22.BÖLÜM

1.8K 144 42
                                    

Selam minnoş okurlarım.

Keyifler nasıl?

Dişimi tırnağıma takıp size bölüm yetiştirmeye çalışıyorum. Sizlerde benden bir oy bir yorum esirgemeyin.

Yazdıklarımın hakkını verin güzel okurlarım

Kendimi azıcık dilenci gibi hissettim.

Keyifli okumalar.

Oy ve yorumlarınızı bekliyorum.

Yorumlarınız satır arası olursa çok mutlu olurum.

♪Sura İskenderli-Niye♪

Bismillahirrahmanirrahim.

•••••••

Çalan alarmla veyahut pencerenin arasından sızan güneşin ışıklarıyla uyanmayı bende çok isterdim. Ama ben her zaman olduğu gibi bugünde kapımın kırılacak kadar sert çalınmasıyla uyandım. Zamanla bu durumu yadırgamamaya başlamıştım.

"Uyan kız!" Diye bağıran kişi babaannemdi. Kadın bir şekilde benim uyku saatimde bizim eve gelip beni uyandırıyordu. Yaklaşık üç haftadır bizde yoktular, kafam rahattı. Ama o günlerde bile kabusuma girip beni uyandırıyordu. Karabasan gibi bazen geceleri onu görüyordum. Babaannem yaşlı terörünün ele başıydı.

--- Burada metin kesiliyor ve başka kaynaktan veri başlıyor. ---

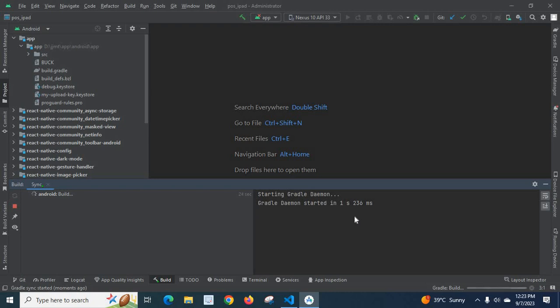If you got the same error, please try to fix it like this. Thank you, we'll see you next time.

"Babaanne siz yine niye geldiniz?" Diye yüksek sesle daha doğrusu onun duyabileceği kadar yüksek sesle konuştum. Güya düğünden sonra Mardin'e döneceklerdi, düğünün üzerinden bir ay geçmişti ama hâlâ gitmemişlerdi. Ve bizde kalmadıkları süre boyunca dağ evinde kalmışlardı. Oradaki ayılara üzülüyordum her gün babaannemin dırdırını çektikleri için

"Kız sen ne diyorsun? Burası benim oğlumun evi, istediğim zaman gelirim, kimse bana karışamaz. Hele sen hiç karışamazsın, sen yokken ben vardım ben." Demesine göz devirdim. Tabi ben yokken sen olacaktın, 70 yaşında kadınsın en nihayetinde.

"Babaanne dediğin gibi burası senin değil, babamın evi. O yüzden kafana her estiğinde buraya gelemezsin, herkesin bir düzeni var canım." Dedim. Beni dinler miydi orası muammaydı. Babaannem biraz değil bayağı eski kafalıydı. Kendimi onun yerine koyup düşünüyordum yine de ona hak veremiyordum.

"Oğlumun evine gelirken sizden izin alacak değilim." Dedi, babaannem. Deveye hendek atlatmak babaanneme laf anlatmaktan çok daha kolaydı. "Tamam babaanne sen kafana her estiğinde gel. Hatta canın isterse annemle babamın arasına falanda yatabilirsin, sonuçta oğlunun evi ya istediğin yerde uyursun." Dedim.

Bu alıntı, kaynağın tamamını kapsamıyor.